◆ What the task requires ◆
Give again, exactly and only, the lines running from the one with "undefined, Lindridge Close, Herne Bay, Kent" to the end of the material below; leave out pictures.

◆ Provided records ◆
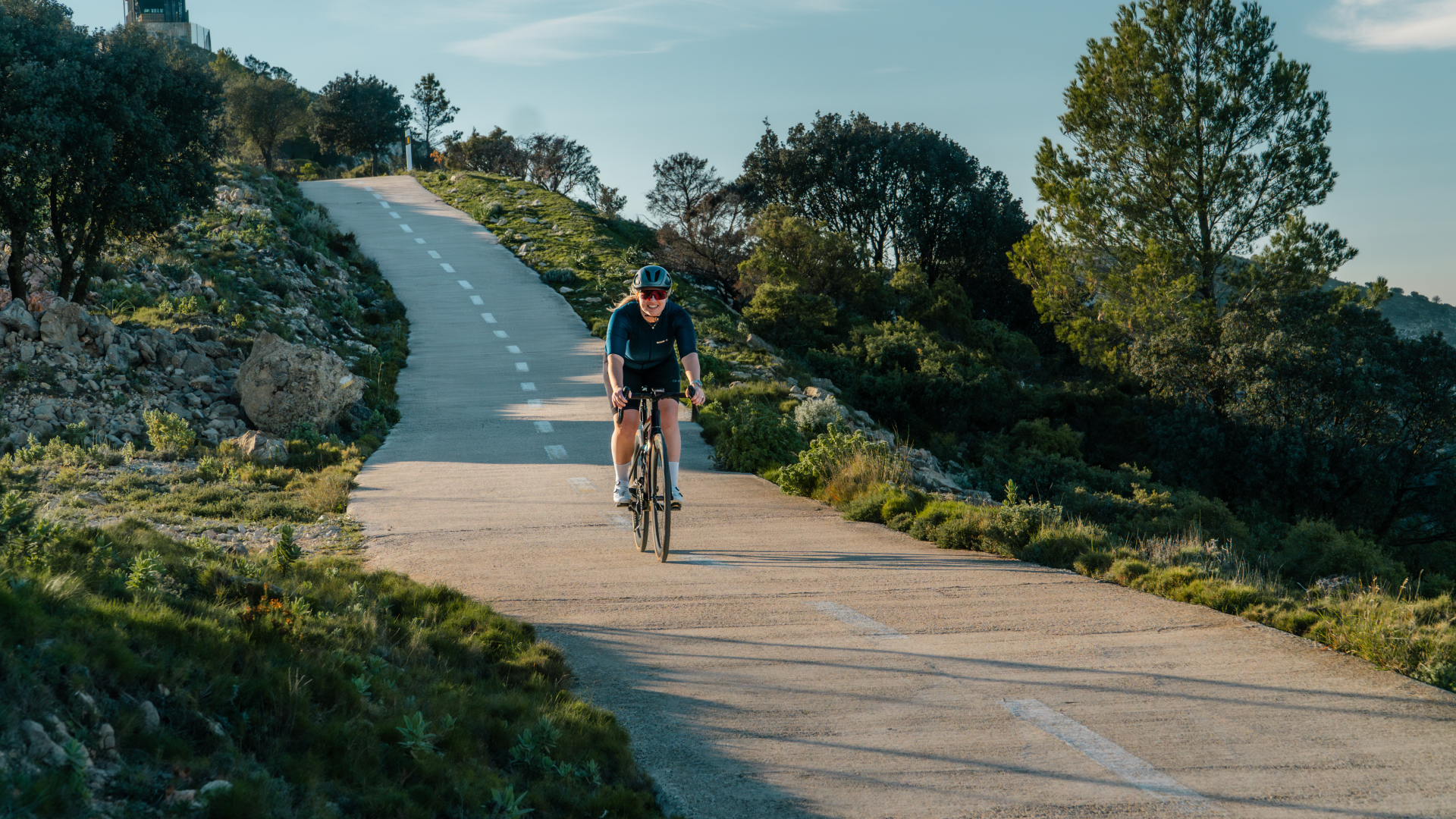 Super Coll de Rates Super Coll de Rates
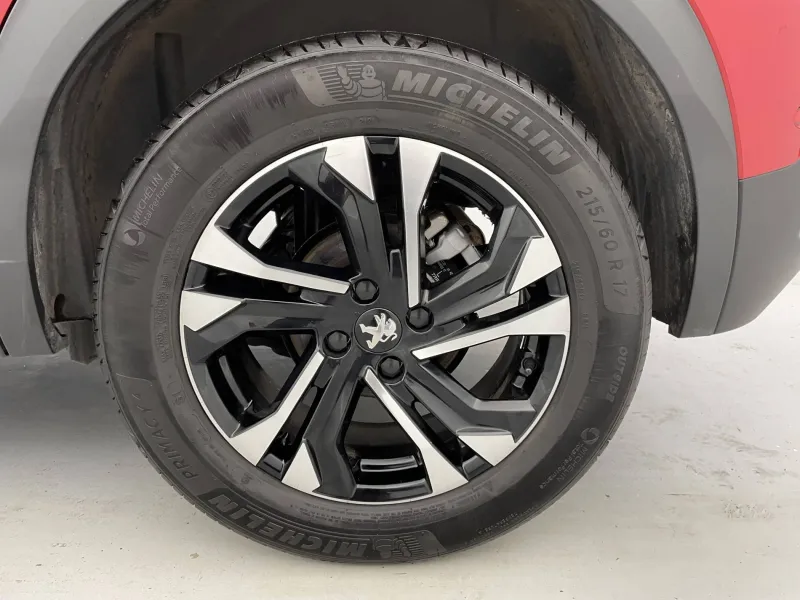 Image secondaire du véhicule 17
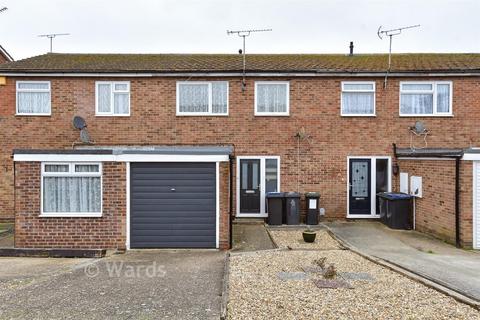 undefined, Lindridge Close, Herne Bay, Kent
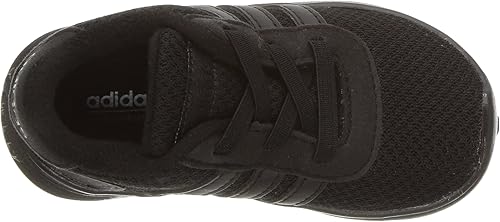 adidas neo lite racer k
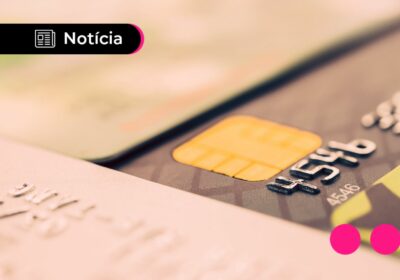 Banco Central aponta alta de 450,5% ao ano no rotativo do cartão de crédito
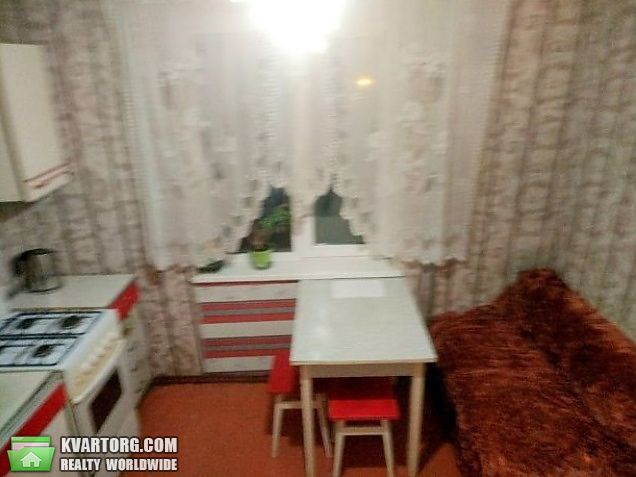 Sell 1-room apartment. Одесса, Бочарова — photo 7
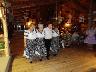 DSC00921.JPG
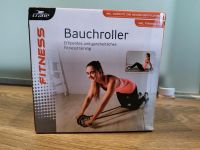 Bauchroller Fitness Bayern - Erlenbach Vorschau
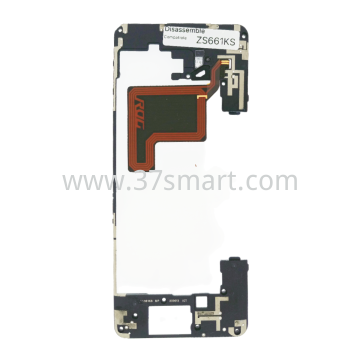 Asus ZS661KS ROGPhone 3 Copertura Scheda Madre+NFC Rigenerati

◆ Answer box ◆
 undefined, Lindridge Close, Herne Bay, Kent
 adidas neo lite racer k
 Banco Central aponta alta de 450,5% ao ano no rotativo do cartão de crédito
 Sell 1-room apartment. Одесса, Бочарова — photo 7
 DSC00921.JPG
 Bauchroller Fitness Bayern - Erlenbach Vorschau
 Asus ZS661KS ROGPhone 3 Copertura Scheda Madre+NFC Rigenerati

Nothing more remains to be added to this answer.